Pink Eyes in the Classroom: A Serious Problem

We can try really hard to maintain a high standard for hygiene. But, when exposed to viruses and bacteria, only few will remain resistant. This is especially the case with students. They spend so much time closed in the classroom with others, avoiding all those germs is basically impossible.

So, even if you’re the most careful and clean person, you can still get pink eyes. This is one common eye infection among students of all ages, also known as conjunctivitis.

Causes of Pink Eye

Pink eye or Conjunctivitis is an inflammation of the transparent, thin layer of the eye tissue. This tissue covers your eye or, more specifically, its white part. The white part of the eye is called the conjunctiva. Ergo, the term for pink eye. 

This infection can affect one eye or both of them. For a student, it can be the worst nightmare, especially if it occurs during exam sessions or when they have to write a paper. In fact, it is said that pink eye is one of the reasons why students go online and find dissertation writing help. It prevents them from doing just about anything, especially since most of the written work done today includes the use of a desktop.

Depending on the reason why you got pink eye in the first place, the infection can spread really fast and be highly contagious. It is usually in mild form. However, if left untreated, it can become much more severe. 

Typically, conjunctivitis is bacterial or viral. Both these are contagious, but the viral option spreads much faster between people. In the case with students that are in constant contact with each other, this can make a serious damage to the effectiveness and health of the entire classroom.

Bacterial vs. Viral Conjunctivitis

Bacterial conjunctivitis occurs as a result of a strep or staph infection in the eye of the patient. This infection often originates in the respiratory system and is further spread through contact with other people. Only touching another person exposes you to the infection. Also, you may get the infection by sharing some cosmetic products that are contaminated, as well as utensils, glasses, and other objects. 

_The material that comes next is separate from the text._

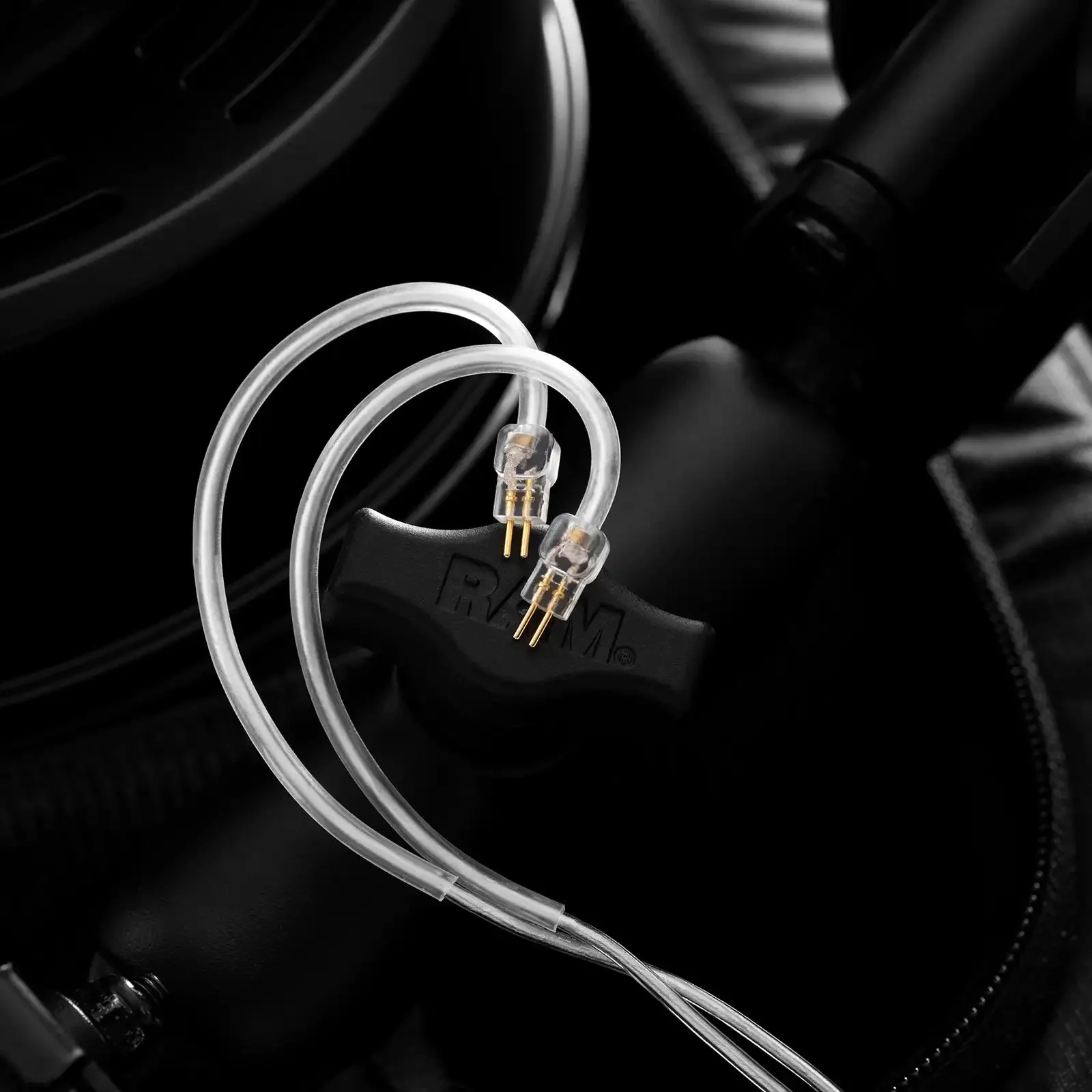 Kinera Celest Wyvern Pro 10Mm LCP Earphone Driver Dinamis Diafragma Kristal Cair dengan Mikrofon Boom Dapat Dilepas Headset IEM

Not washing the hands frequently, improperly cleaning the contact case or lenses, and other irresponsible behavioral patterns can also be the cause of bacterial conjunctivitis. 


Viral conjunctivitis is the more dangerous and easily spread of the two. It can be caused by viruses or even the common cold. These spread fast and readily, which makes the infection even more likely to reach people through coughing, sneezing, or simply direct contact. 

In the case of viral conjunctivitis, washing the hands is once again, the best measure you can take. You can also get infected by it if your eyes are exposed to allergens and chemicals. However, in this case, the infection won’t be contagious.

Pink Eye Symptoms

As you probably assume by hearing the name, the main symptom of these infections are pink eyes. But, in addition to this easily visible symptom, there are other things that accompany the infection:

  • Itching and burning in the affected eye/eyes
  • A feeling as if you have a foreign body in the eye/eyes
  • Discharge or pus coming from the eye/eyes
  • Eyelid swelling
  • Light sensitivity increase
  • Excessive tearing

How Can You Treat this Problem

Pink eye is not a grave medical issue unless you avoid treating it. However, having this infection is a really big inconvenience, especially if you have to meet a deadline, read or study. Because of it, you should schedule an appointment with an eye doctor immediately when you experience any of the symptoms above. 

If the optometrist diagnoses you with conjunctivitis, you can start treatment right away. The goals of the simple treatment are to decrease your discomfort and eliminate the spread of the infection. You’ll be prescribed eye drops or ointment that contain antibiotic. Finishing the course of antibiotics is essential and will rapidly bring you back in shape. 

However, this only applies to the bacterial conjunctivitis. In the case of viral conjunctivitis, you’re in for a bit more trouble. The only thing that resolves this is time and strict hygiene. In fact, being diagnosed with viral conjunctivitis means that you might need several weeks to get rid of the infection. 

This sounds devastating, especially if it happens to you during study sessions and exam sessions. In fact, it’s bad whenever it happens since students always have some tasks to do. 

To relieve the discomfort of the viral pink eye infection, you can use cool and warm compresses for your eye area, as well as artificial tears. In the cases where the infection is more severe, doctors can recommend using steroidal eye drops for the inflammation.

If you wear lenses, don’t use them until you’re fully treated.


Tips for Preventing Conjunctivitis

It’s always best to prevent an infection than to treat it. In the case of pink eye, it might take you a while to get rid of it, which is why I recommend following the steps below on regular basis:

  • Wash your hands thoroughly and as often as possible
  • Don’t share eye drops, makeup, and anything else that’s applied near eyes
  • Don’t touch the eyes with the hands
  • Don’t share washcloths or pillowcases, or use them to wipe your eyes
  • Don’t share your contact lens case, contact lenses, or even the solutions with others
  • Protect the eyes with sunglasses in dusty conditions and windy conditions
  • If your eyes are exposed to chemicals, wear safety goggles.